TASK INSTRUCTIONS
Everything in the listing should be transcribed exactly, apart from the pictures.

DATA EXCERPT
= Beginning of Section =

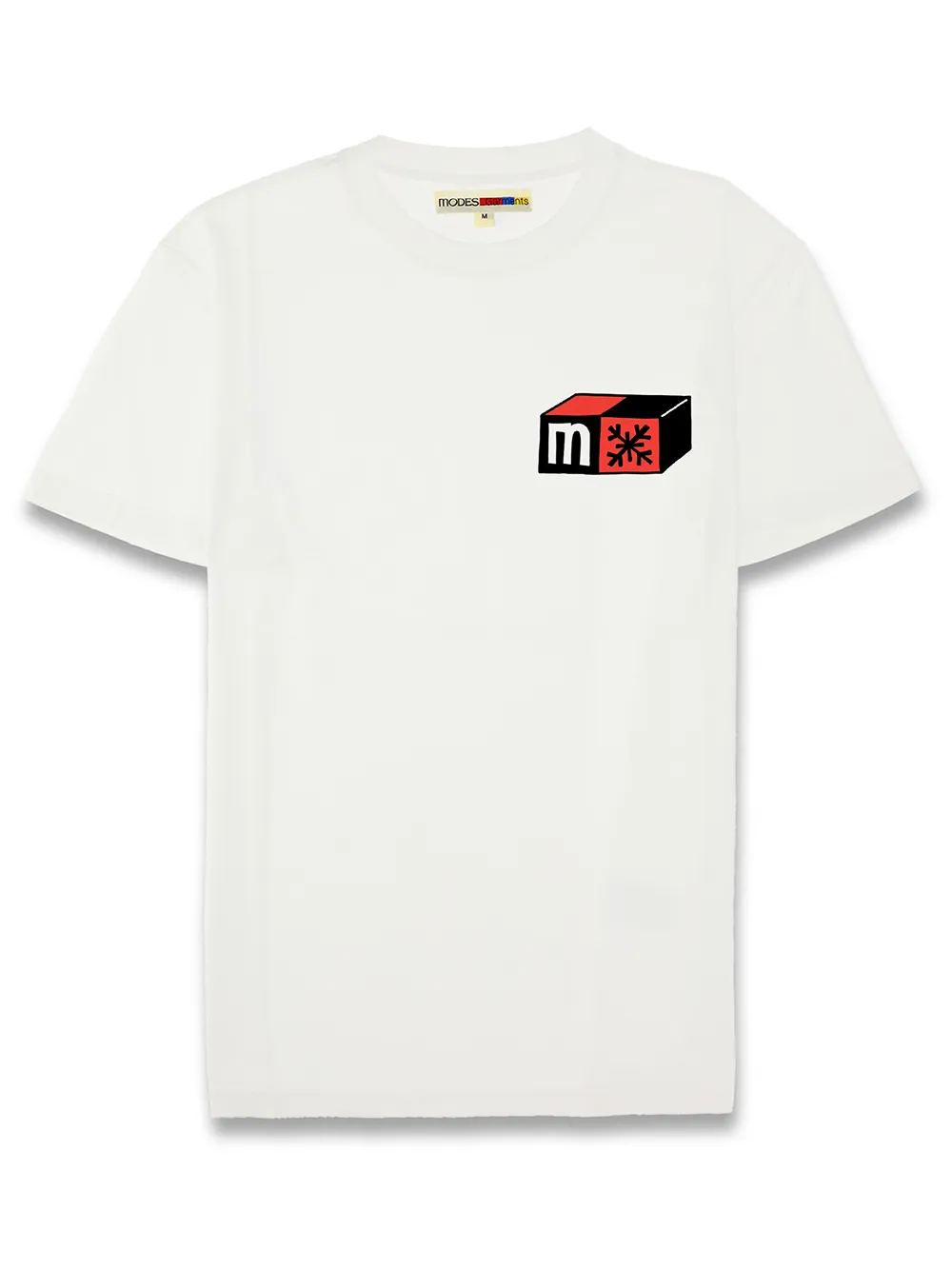 MODES GARMENTS Modes T-shirt with Saint Moritz print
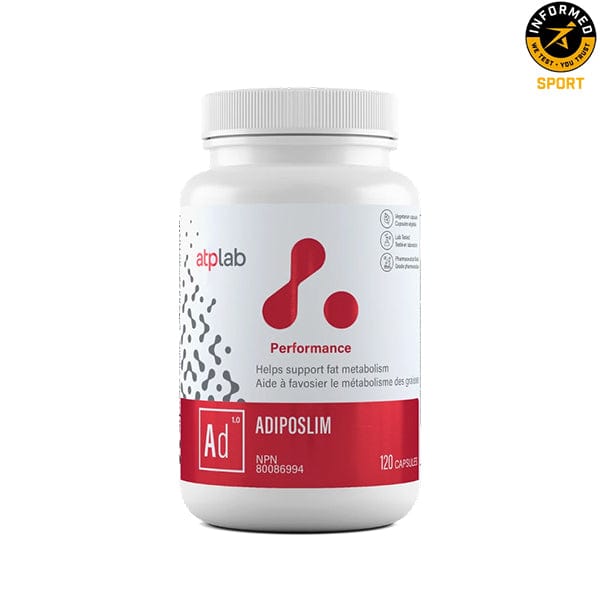 ATP Lab AdipoSlim, 120 vcaps | Supports Fat Metabolism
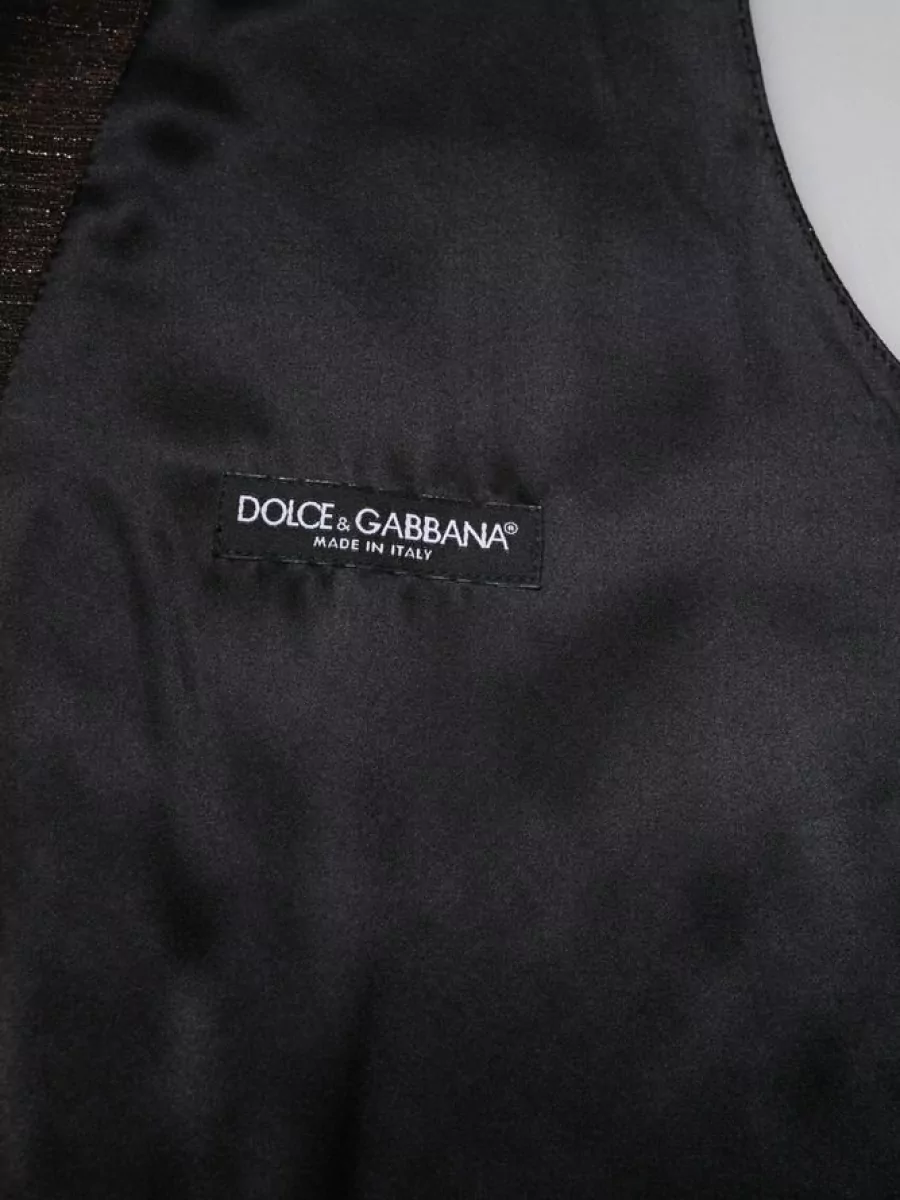 Dolce&Gabbana Silk Waistcoat
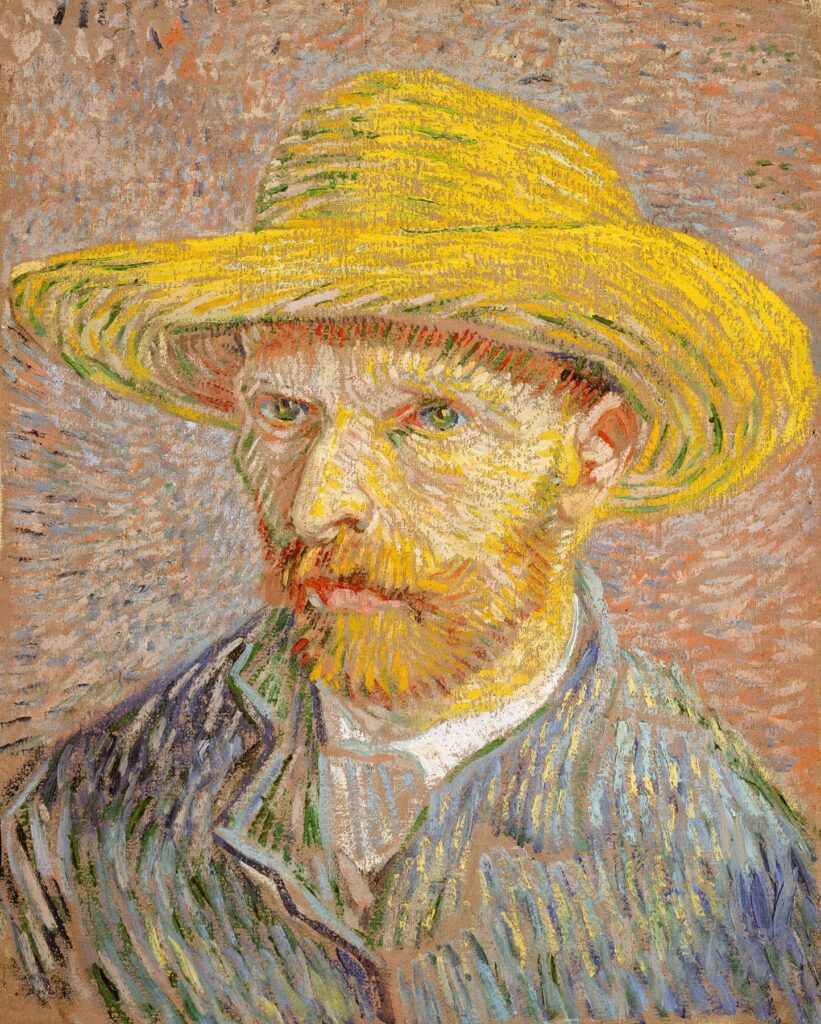 Van Gogh Self Portrait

= End of Section =

YOUR RESPONSE
 MODES GARMENTS Modes T-shirt with Saint Moritz print
 ATP Lab AdipoSlim, 120 vcaps | Supports Fat Metabolism
 Dolce&Gabbana Silk Waistcoat
 Van Gogh Self Portrait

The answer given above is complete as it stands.